The latest figures from the government reveal that York increased its recycling rate in the latest period for which statistics are available (2019/20)
The figures are revealed as the Council agonises over plans to introduce 3 weekly recycling collections. The proposal attracted a large number of comments (22,000) when residents views were sought.
The Council perhaps needs to look a little further at waste volumes in the City and how they can be controlled.
As the graph indicates, total waste produced – despite an increasing population – has remained fairly static over the last decade. The volume going to the Allerton Waste Recovery Centre (and, before 2018, landfill) has also been fairly steady.
The role of the commercial and voluntary sectors in mopping up unwanted articles cannot be under-estimated. Clothing banks are widespread and these are supplemented by doorstep collections.
Surplus food giveaways are gaining in popularity while “Freecycle” style schemes are encouraging more reuse of many household items.
It’s 10 years since the Council abandoned its plans for a salvage and reuse site. Perhaps its time to revive that project?
In the meantime, some attention to the effects of lockdown in the City is needed.

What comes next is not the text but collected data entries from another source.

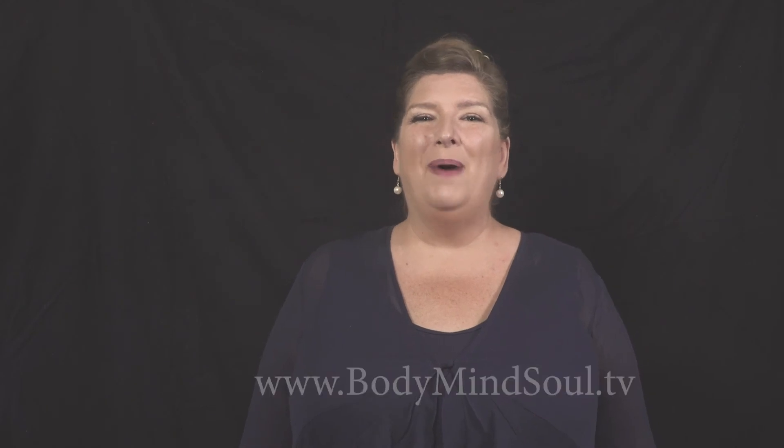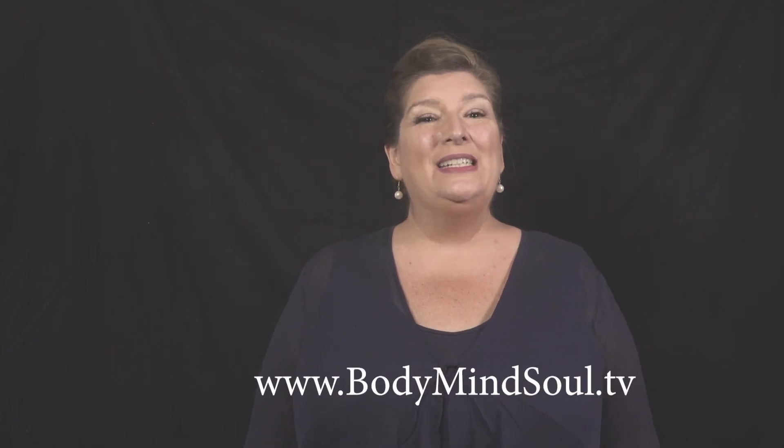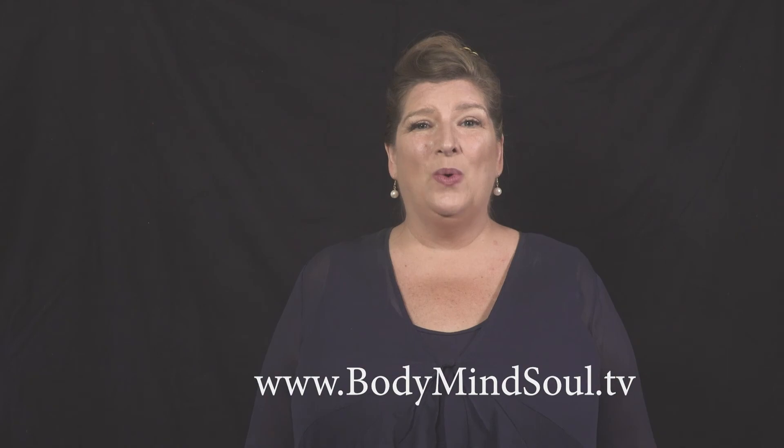The ChakratoneRx Sound Healing with Ariel series is brought to you by the Body, Mind, Soul TV and Media Network. Thank you so much for tuning in.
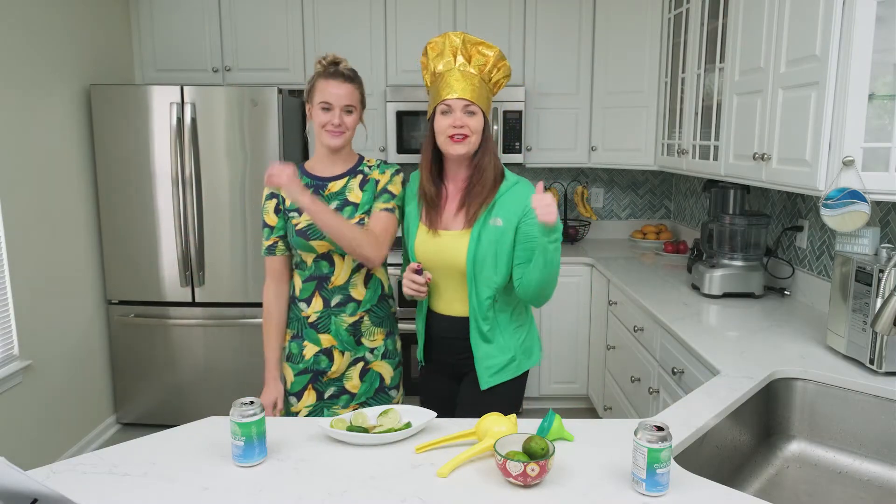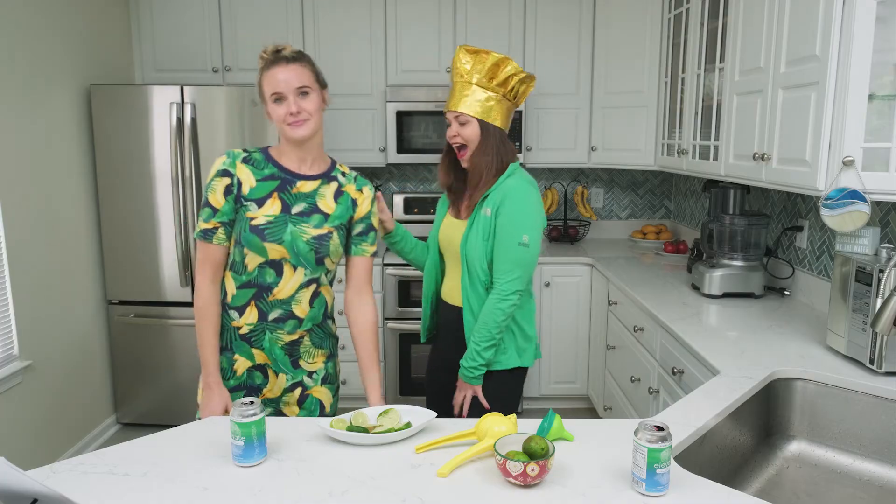You don't need a stove or an oven to cook — just a blender, dehydrator, and corn uncook.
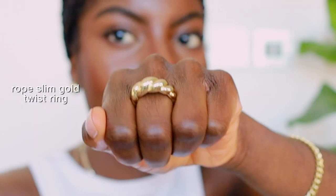The next item I got is this thin gold rope twist ring. This ring has a really timeless look to it, and I can see myself not only wearing it but probably passing it down to my kids, so it's definitely a staple to have in your jewelry collection.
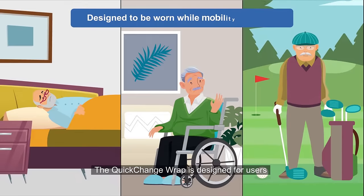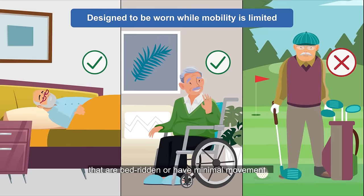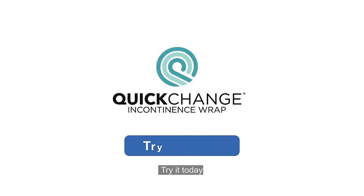The Quick Change Wrap is designed for users that are bedridden or have minimal movement. Try it today!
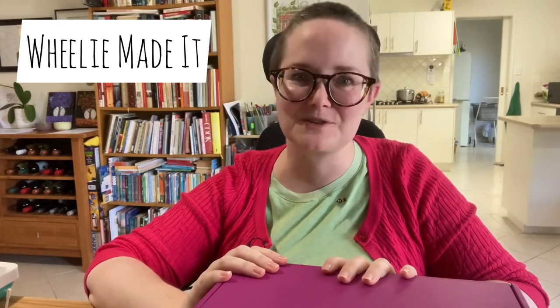Hi guys, Wheelie here. I have a little bit of time to myself, which is quite a commodity during the Christmas school holidays, and I am really excited because I got a Crate Crochet subscription for Christmas from my brother and I'm finally going to open it.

Nationally lockdown 1 saw both the volume and composition of household waste shift to levels seen during a “traditional Christmas period”, with some local authorities seeing a 30% increase in dry recycling volume. With many people working from home and businesses reducing their output, especially in the hospitality sector, more plastic and glass in particular has been sent for recycling from households.
Not surprisingly there was a reduction in commercial waste volumes.
What the long term effects of more people working from home will be needs to be factored into the York Councils forward planning.